Die Tiefzinspolitik der letzten Jahre hat Investitionen im Immobilienmarkt befeuert. Andere Anlageklassen hatten es in diesem Umfeld schwer. Inflation und steigende Zinsen haben zu einem Stimmungsumschwung geführt.
Wenn Werte ohne Leistung geschaffen werden, dann sollten Anleger hellhörig werden. Dessen sind sich die Immobilieninvestoren seit geraumer Zeit bewusst. Dennoch wurde über Jahre Kapital in Immobilienanlagen gepumpt. Auslöser war die Nullzinspolitik. Treiber waren optionsbasiertes Handeln (TINA: There Is No Alternative) und verhaltensökonomische Faktoren. Man wollte nichts verpassen und überhaupt, wer wusste denn schon, wann die Veränderung kommt.
Und dann kam Sie, die Veränderung. In Form der Inflation, die wir immer noch zu verstehen suchen. Die Leitzinsen wurden wie schon immer zur Bekämpfung des Schreckgespenstes angehoben und weg war sie, die TINA.

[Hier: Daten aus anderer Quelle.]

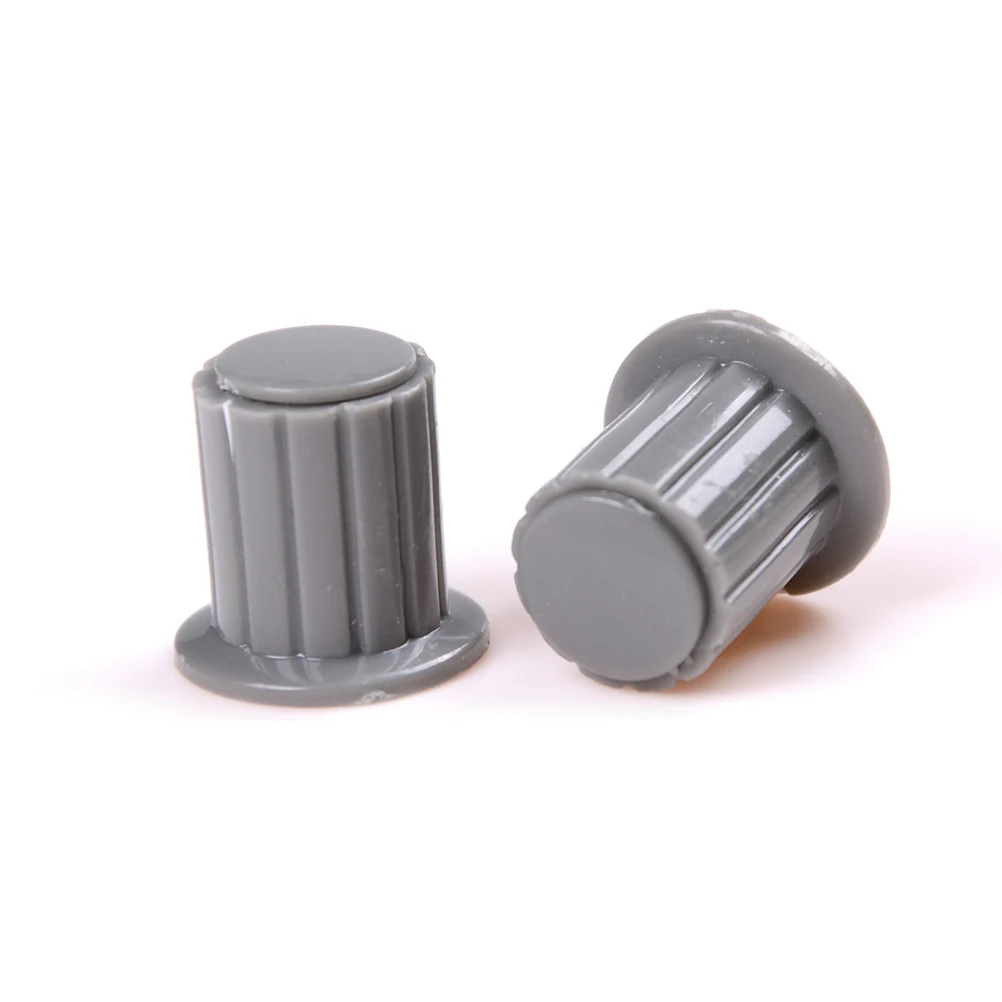 ZLinKJ 10 Pcs 4mm Shaft Insert Dia Brass Tone Core Potentiometer Control Knobs | Обустройство дома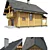 Timber Haven: Cozy & Sustainable Dream Home 3D model small image 2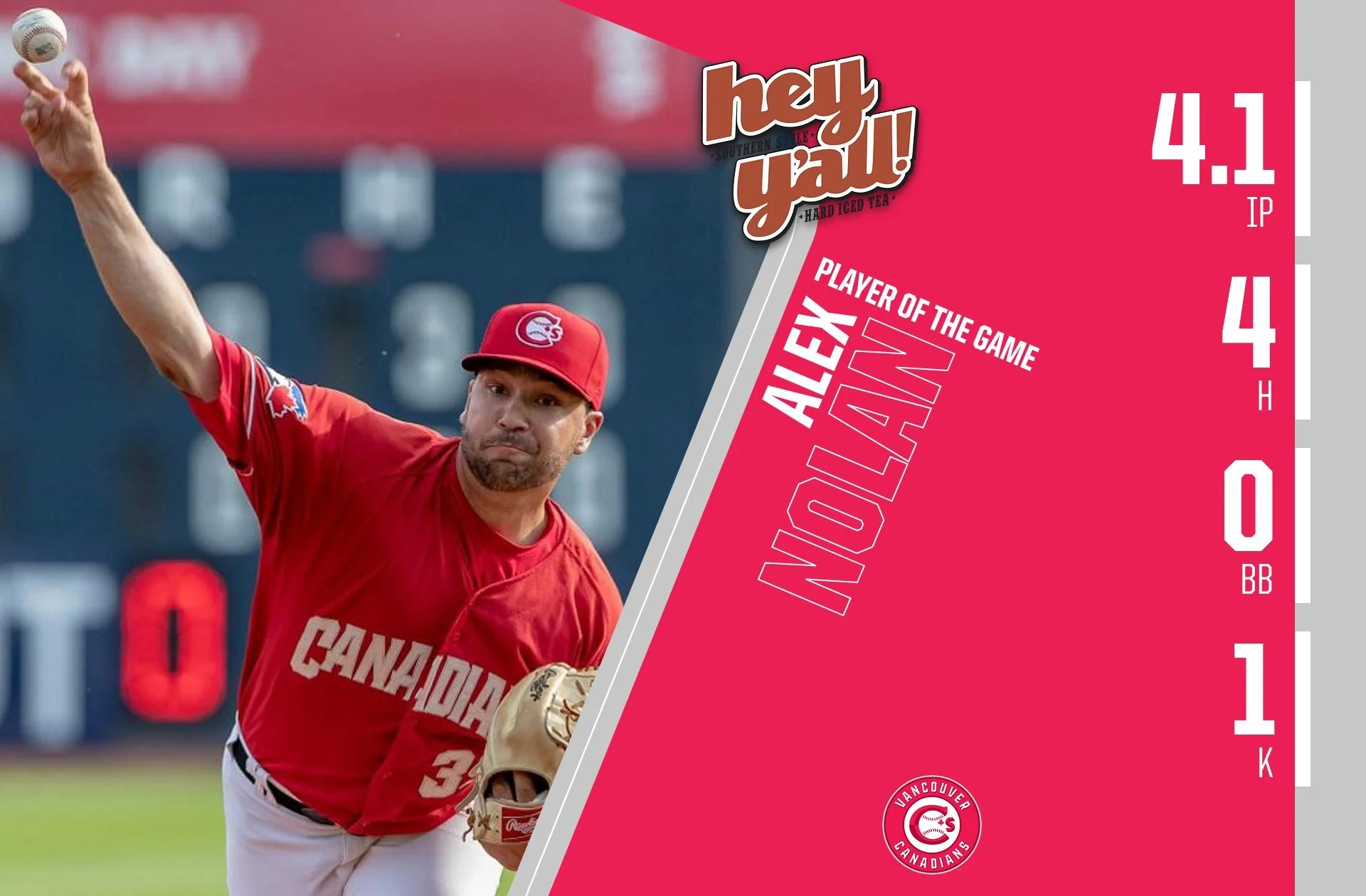 First inning grand slam sinks Canadians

In kürzester Zeit standen (risikoadjustiert) liquidere Anlagen als Alternativen zu Immobilien zur Verfügung. Gleichzeitig sanken zins- und erwartungsgetrieben die Zeitwerte der Unternehmen. Damit stieg die Immobilienquote in den Multi-Asset-Portfolios.
Stimmungsumschwung durch Zinswende
Der Stimmungsumschwung der Immobilienanleger begann mit der Zinswende im Juni 2022. Als Resultat stürzte der damalige Swiss Real Estate Sentiment Index um drastische -96.2 Punkte zum Vorjahr auf den bisherigen Tiefstwert von -32.5 Punkten.
Doch die Stimmungslage wird noch trister. Für die kommenden zwölf Monate sind die Erwartungen für die wirtschaftliche Entwicklung mit -32.4 Punkten zwar ein wenig optimistischer als im Vorjahr (-51.4 Pt.), aber eine deutlich negative Einschätzung der Preisentwicklung über alle Immobiliensegmente von -88.6 Punkten (Vorjahr: -27.7 Pt.) drückt den sresi auf ein neues Allzeittief von -77.4 Punkten.
Alle Immobiliensegmente, Lagen und Regionen betroffen
Zum ersten Mal überhaupt sind die Preiserwartungen für alle Immobiliensegmente negativ. Auch die Preisentwicklungen der unterschiedlichen Lagekriterien wird insgesamt negativ eingeschätzt. Das trifft nun erstmals auch für zentrale Lagen zu.
Weder in den Grossregionen noch in den Wirtschaftszentren werden noch Preissteigerungen vorausgesagt. Im Vorjahr hatten die Befragten immerhin für die Genferseeregion, Zürich und einen Teil der Zentralschweiz noch positive Preiserwartungen.
Auswirkung auf die Werte?
Eine Frage, welche durch die sresi-Umfrage nicht beantwortet werden kann: Sinken nun auch die Werte in den Portfolios?
Die Wertentwicklung und -beständigkeit hängt von verschiedenen Faktoren ab. So sind die Anlageportfolios in Bezug auf Zeitraum des Portfolioaufbaus, Nutzung, Nutzer, Vertragsverhältnisse, geografische Verteilung, Lage- und Liegenschaftsqualität, Potenziale und selbstverständlich auch die implizite Diversifikation und die Anlagestrategie schwer zu vergleichen. Kommt hinzu, dass unterschiedliche Bewertungsansätze im Rahmen der regulatorischen Vorgaben einen Vergleich zusätzlich erschweren.
Dennoch ist das Sentiment von Investoren und Bewerterinnen ein Indikator für mögliche zukünftige Wertentwicklungen. Denn wenn der Transaktionsmarkt, von dem sich (auch) die Marktwerte ableiten lassen, aufgrund der Stimmungslage dreht, was bereits beobachtet wird, dann hat dies indirekt Auswirkungen auf Bestandswerte.